The best keywords aren't in any tool. They're in the words your buyers used before they became buyers.
Every business that has existed for longer than a month has first-party language data. It's just not usually thought of that way. Here's where to find it:
Intake forms and contact form submissions. How did people describe their problem or what they need in their own words? What exact phrases did they use? These are often verbatim search-query candidates.
Sales call notes or recordings. What do prospects say in the first five minutes? How do they describe what they're looking for before you've had a chance to educate them on your terminology? Buyer language before a sales conversation is often closer to what they'd type into Google than anything after.
CRM notes and deal descriptions. How did your team summarize why someone came in?
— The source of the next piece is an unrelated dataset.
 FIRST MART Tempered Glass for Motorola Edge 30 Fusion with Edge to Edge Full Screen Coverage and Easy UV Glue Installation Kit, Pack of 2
The quick-and-dirty description of a lead's situation before it gets polished into pipeline language is often highly useful.
Support tickets and customer emails. How do people describe the problem they're trying to solve? The language of frustration is often very close to the language of search.
Reviews and testimonials. What words do happy customers use to describe the outcome they got? These are dream-state keywords — useful for understanding intent even if they're not direct bids.
What you're doing in this step is building a list of seed keywords: the core phrases that represent how your buyers think about their problem in their own terms. These become the input for every subsequent step.
You're not looking for hundreds of seeds. Ten to twenty clear, intent-loaded phrases is enough to work from.
A note on your own vocabulary vs. your buyers'
There is almost always a gap between the words your industry uses and the words your buyers use to describe what they need. Your buyers don't know your jargon. They know their problem.
A legal services firm might call its service "estate planning." Its buyers might search "how to protect my assets when I die." A B2B software company might call its product a "revenue operations platform." Its buyers might search "sales and marketing alignment software" or "CRM for agencies."
If your seed keywords are all internal terminology, you've started in the wrong place. The test: would a buyer who has never heard of your company or industry use these words?